While it may be true that there is an Affordable Care Act that you can take advantage of, the truth is there are many moving parts to this story yet.  There are legal challenges to the law presently pending, and the outcome is anybody's guess. 

More importantly, if you are thinking of bringing your wife here (and her minor children - not related to you), she usually will not qualify to avail of Medicaid because of the 5-year bar for lawful permanent residents. There are, however, exceptions given to veteran families.

If you should choose to get private health insurance for her and/or her children, the high monthly premiums, high deductibles and co-pays are something you should consider.  Unless they are generally healthy, it may not be a good idea to bring them here, because ultimately healthcare in the Philippines is far cheaper than it is over here.  Healthcare can be a great drain on your finances if she or you are chronically ill.  Even with Medicare, you still have to consider that part that will not be covered by Medicare (20%).  There are Medicare Advantage Plans but with an average of $100 a month or more, it may still be cheaper to get healthcare in the Philippines.

Although I have healthcare now, I continue to pay my very cheap (P200) monthly premiums for Philhealth as a "back-up" plan.

Also with the Affordable Care Act, if you made the poverty threshold for the Affidavit of Support for your wife (and children), you most likely won't qualify for Medicaid, your next alternative would be to be covered under Medicaid Expansion.  Before you move to a state, check if they have Medicaid Expansion, because not all states offer them.

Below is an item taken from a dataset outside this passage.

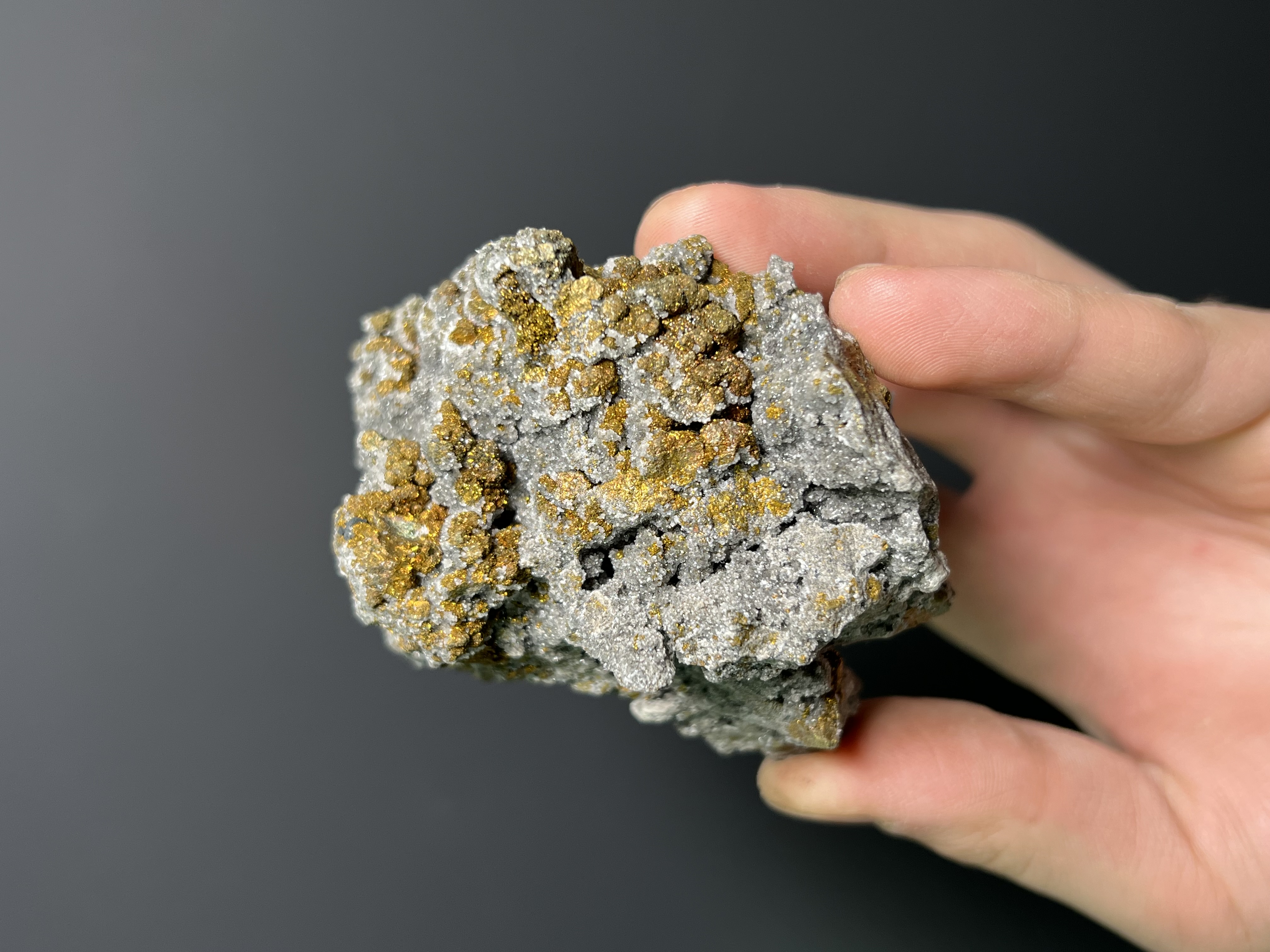 Calcite And Dolomite With Chalcopyrite, 440gram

Realistically, since you pay for everything in the Philippines, the cost of healthcare can also be heavy for someone who is older. That is why if you can retain access to some healthcare that you are entitled to in the US, it is advisable to keep them.  After all, you pay about $100 a month for Medicare which you don't use while in the Philippines. 

Work

Again, depending on which state you are in, the availability of "good" work is something to consider.  In my city of Flint, most work seems to be service crew work which I have no inclination for, and I also don't see myself doing good work in that field. I guess I am picky, but I did leave a job with "good pay" by Philippine standards (P110,000.00 a month plus allowances and bonuses) and it is not physically straining.  It is mentally straining but I always preferred that type of work.

I have found jobs outside of our city an hour of drive away.  My husband does not want me to take those jobs because: (1) they don't pay well enough to cover the cost in gas; (2) not all of them offer healthcare; and (3) it is dangerous to drive in the freeway, during the winter, for a new US driver.

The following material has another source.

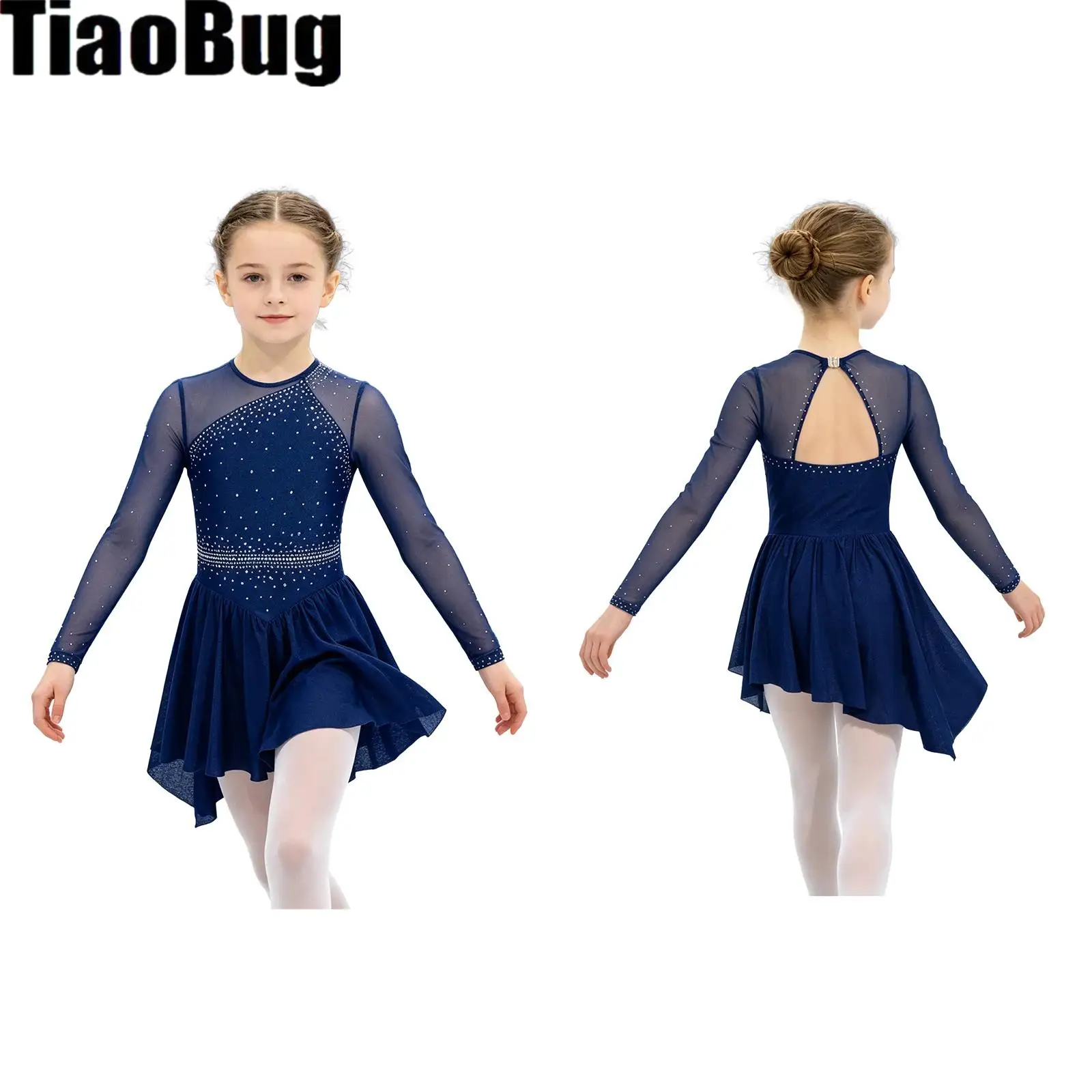 キッズ向け、女の子用、メッシュとパッチワークを組み合わせたダンスドレス。キラキラと輝くラインストーンがあしらわれ、背中が大胆にカットされたデザイン。長袖で、裾が左右非対称。フィギュアスケートに最適。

I have found work as a substitute teacher; more flexible hours and I work close to home.  But when I do think of not doing work that I am most passionate about (study of the law), it does bother me big time. But I am willing to think of it as a temporary thing while I study for the bar. 

Education

The cost of education here is atrocious! I went to the state university in the Philippines for my undergraduate on P2,000 a semester of tuition.  After that, I went to law school on P20,000 a semester of tuition.  In both times I NEVER incurred any debt.  When I went to law school, I worked full-time (40 hours a week). I graduated with zero debt! Of course I had no savings though, after paying for my tuition and books.

I worry for my son and we are working hard for him to get good grades so that someday he can qualify for a scholarship.  Because if he can't qualify for one, he will have to go to the Philippines for his college education. Not going to college is NOT an option.  I believe education is important, not only for the edge in getting a job, but also in the ability to think critically to better ones self.  

I do not want my son to do service crew work or factory work for the rest of his life.  I want work that will challenge him and make him more prepared for a 21st century economy.  I cannot see that achieved without an education.